**DIRECTIONS FOR THIS TASK:** Should an entry contain an image, leave the image out and repeat the entry's text exactly.

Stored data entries
- Opening Delimiter -

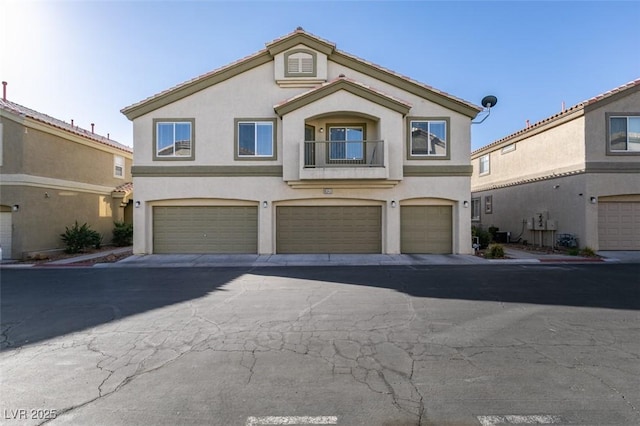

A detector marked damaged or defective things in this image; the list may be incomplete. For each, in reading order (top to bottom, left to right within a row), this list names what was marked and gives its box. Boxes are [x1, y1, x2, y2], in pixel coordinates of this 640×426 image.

cracked pavement [1, 264, 640, 424]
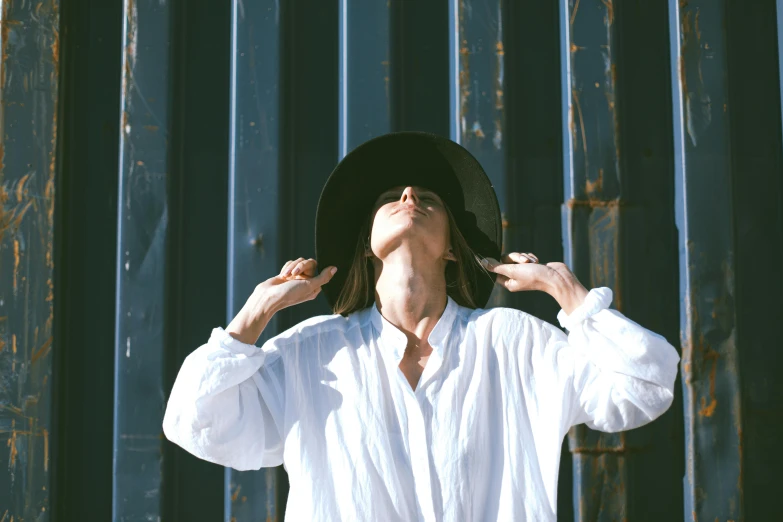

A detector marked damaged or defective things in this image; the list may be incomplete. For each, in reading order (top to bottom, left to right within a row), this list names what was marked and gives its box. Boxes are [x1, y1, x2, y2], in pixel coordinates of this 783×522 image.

rusty metal surface [0, 0, 59, 512]
rusty metal surface [111, 0, 169, 512]
rusty metal surface [227, 0, 284, 516]
rusty metal surface [672, 0, 744, 516]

- Closing Delimiter -

**ANSWER SPACE:**
A detector marked damaged or defective things in this image; the list may be incomplete. For each, in reading order (top to bottom, left to right within a row), this list names what was marked and gives its box. Boxes are [x1, y1, x2, y2], in pixel coordinates of this 640×426 image.

cracked pavement [1, 264, 640, 424]

A detector marked damaged or defective things in this image; the list may be incomplete. For each, in reading order (top to bottom, left to right within a row), this list names what was marked and gives its box. Boxes are [x1, y1, x2, y2], in pixel coordinates of this 783×522 image.

rusty metal surface [0, 0, 59, 512]
rusty metal surface [111, 0, 169, 512]
rusty metal surface [227, 0, 284, 516]
rusty metal surface [672, 0, 744, 516]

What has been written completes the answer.